I really have always liked pork chops, but haven't had a good, chewable one for 8 years or so. 

The pork people have evidently bought into the "fat is bad" erroneous theory and are breeding their pigs with no fat, thus no flavor or tenderness!


----------



## Oldsarge (Feb 20, 2011)

Andy said:


> I really have always liked pork chops, but haven't had a good, chewable one for 8 years or so.
> 
> The pork people have evidently bought into the "fat is bad" erroneous theory and are breeding their pigs with no fat, thus no flavor or tenderness!


Try buying your pork at a Chinese market like 99 Ranch or Han. The Chinese are _very _particular about their pork and it shows.


----------



## Vecchio Vespa (Dec 3, 2011)

Andy said:


> I really have always liked pork chops, but haven't had a good, chewable one for 8 years or so.
> 
> The pork people have evidently bought into the "fat is bad" erroneous theory and are breeding their pigs with no fat, thus no flavor or tenderness!

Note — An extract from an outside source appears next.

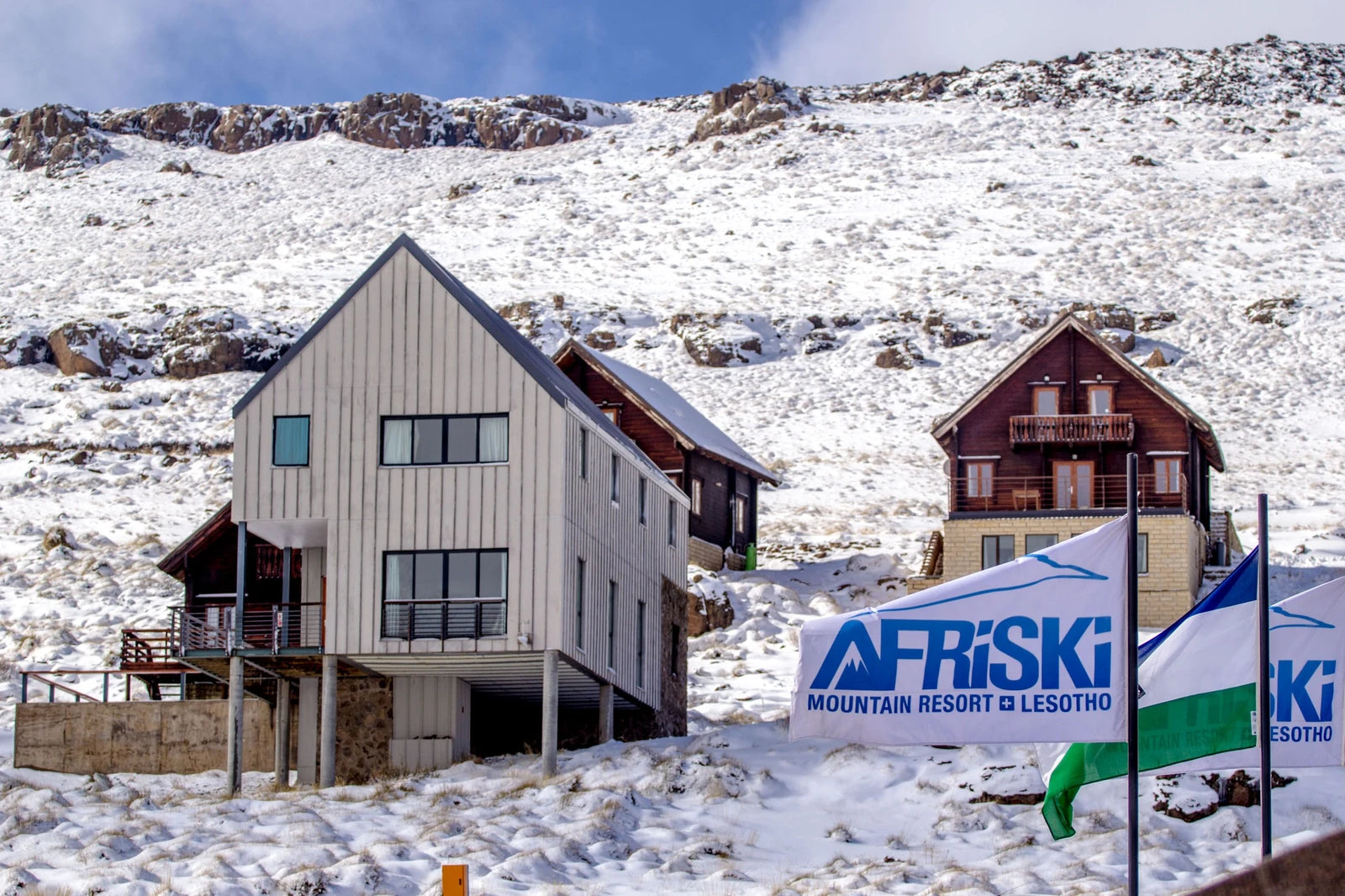 Afriski Mountain Resort, 400 Lesotho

Agreed. Pork has become chiefly a vehicle for other flavors, be they sauces as in this case, seasonings as in carnitas, or condiments, as in a Cubano.


----------



## eagle2250 (Mar 24, 2006)

On Easter Sunday I will be slow roasting an 11 pound rack of pork that I'm pretty sure will melt in the collective mouths of our family and three of the grand kids friends. To a good degree, the tenderness of pork depends on how one chooses to roast it. At least I hope that will prove to be the case this weekend! LOL.


----------



## Oldsarge (Feb 20, 2011)

I'm having tacos carnitas and frijoles tonight.


----------